In fondo al finestrone centrale, oltre un tappeto di escrementi di pipistrello: «Nous sommes amenes devant l´inquisiteur de france humbert paris qui tortura les freres», siamo portati davanti all´inquisitore Umberto che ha torturato i fratelli. E ancora, un po´ più in alto, oltre a un ferro di cavallo: «Abbiamo ricevuto colpi di frusta da Robert Fribault che è il boia del re…». E, infine, su una pietra in alto a sinistra della feritoia orientale: «Robert Talmont, precettore di Francia, è morto a Chinon per le torture infertegli». Per leggere, bisogna mettere la torcia lateralmente, per esaltare l´ombra nelle fessure. Ma tutto è fantasticamente chiaro, ed è forse per questo che gli storici non si fidano ancora e la Soprintendenza ha preferito lasciare i graffiti nell´ombra.

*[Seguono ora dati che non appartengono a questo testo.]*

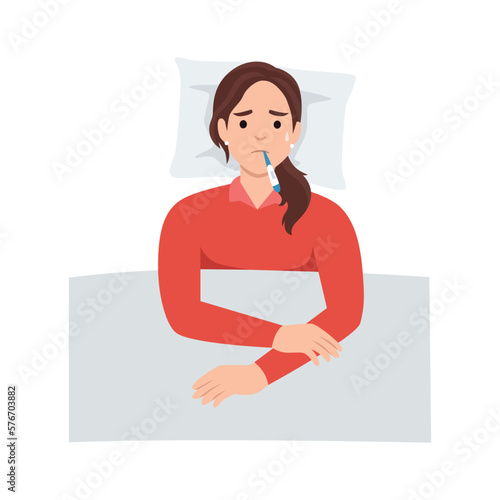 Woman suffering from flu in bed under blanket. She has fever and take thermometer in mouth with tissue paper and medicine on bed. Flu or cold allergy symptom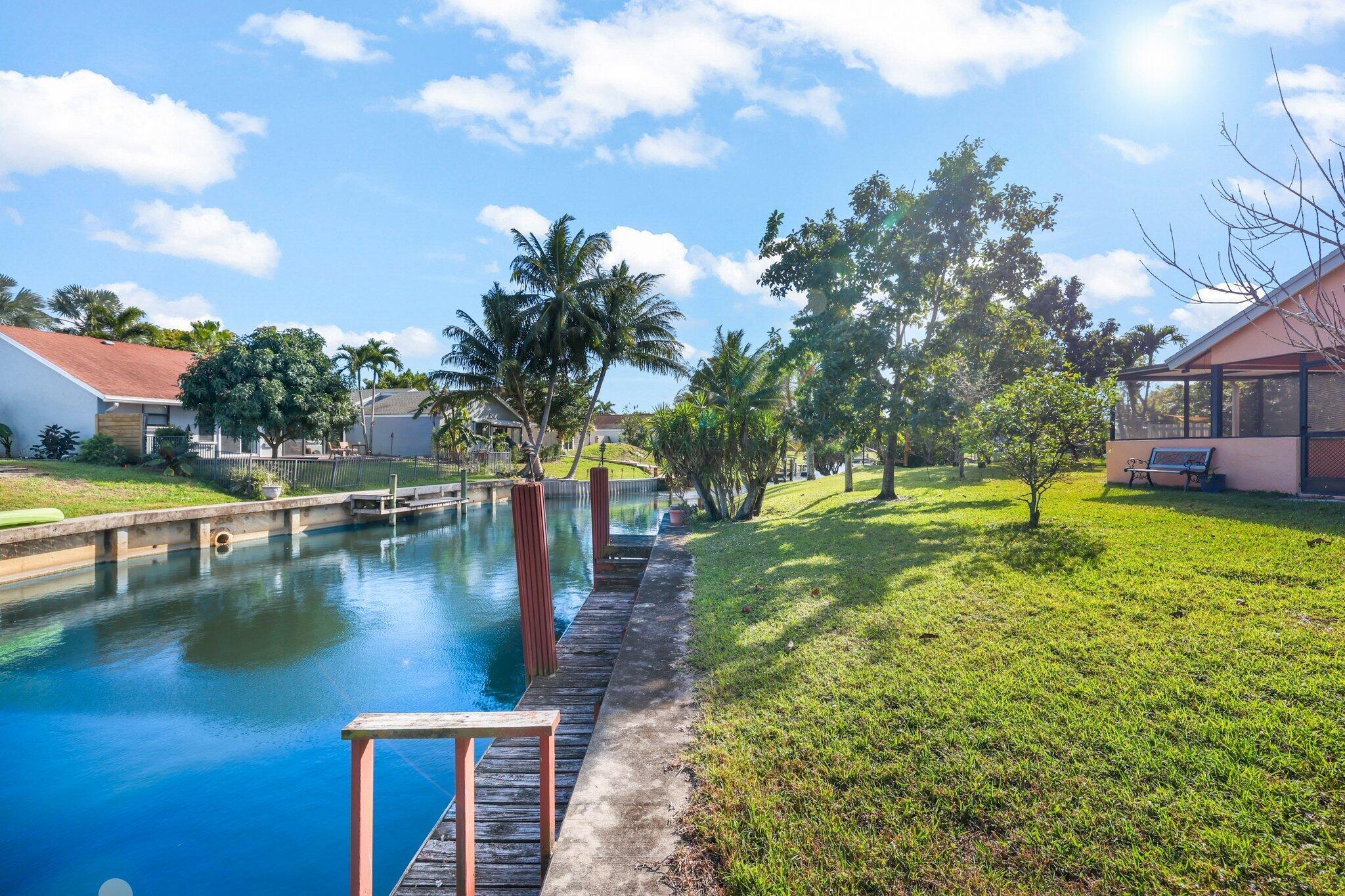 1235 Northwest 19th Terrace Delray Beach, FL 33445 - Photo 26 of 45 a view of a water with a building in the background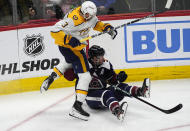Nashville Predators defenseman Jeremy Lauzon, left, gets tangled up with Colorado Avalanche right wing Mikko Rantanen as they battle for the puck in the third period of an NHL hockey game Saturday, March 30, 2024, in Denver. (AP Photo/David Zalubowski)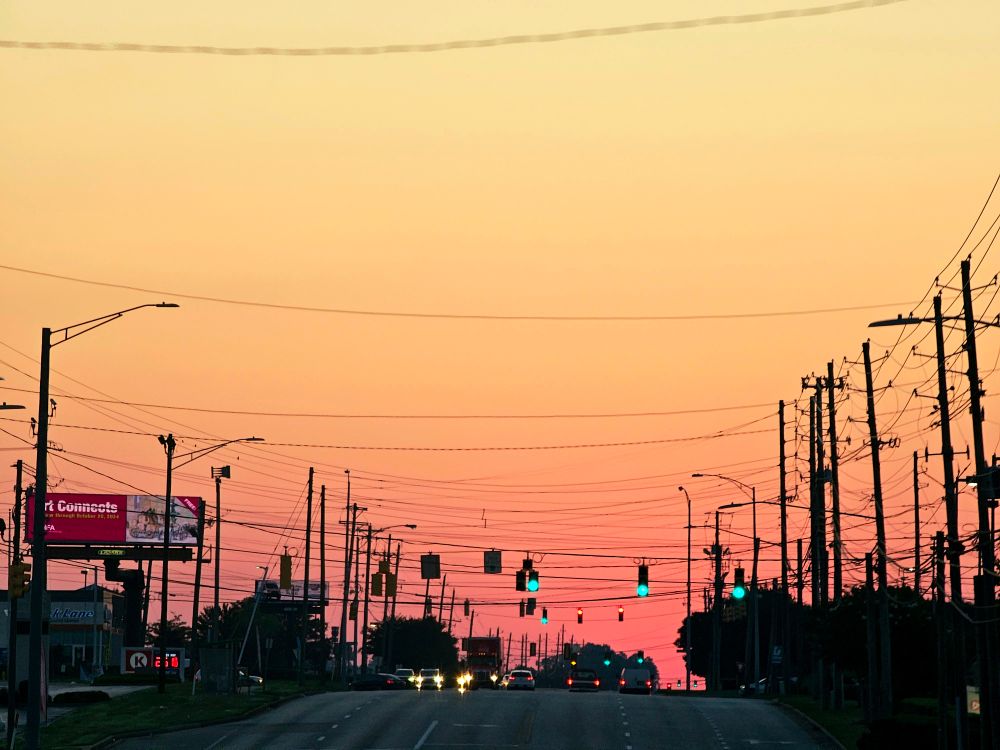 A morning street set to a sunrise background with a harsh contrast. Most of the foreground is a black silhouette, while the sky is a bright red-orange and yellow.
Traffic lights and signal lamps light the street below. There is one billboard to the left.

Fuori piove ancora, dall´alto della muraglia le isolette della Vienne sembrano risalire la pigra corrente come chiatte oceaniche. I muri parlano? «La realtà è che, dopo tutto il polverone sui Templari, c´è ancora tanto da sapere e tanti documenti da setacciare», brontola Alain Demurger, maxi-esperto francese sul tema, prima di consigliarmi una buona cantina da vino. È scettico sui graffiti di Chinon; preferisce lavorare sugli atti del processo, una documentazione più che sufficiente. Ma la conclusione non cambia: i cavalieri di Dio erano «gente comune», non «extraterrestri». Militari e monaci, reclute e novizi insieme, avevano il loro inevitabile "nonnismo", ed è a quei vizi che s´è aggrappato il re per le sue accuse. Colpevoli o innocenti? La Francia - giurano qui - è ancora spaccata in due.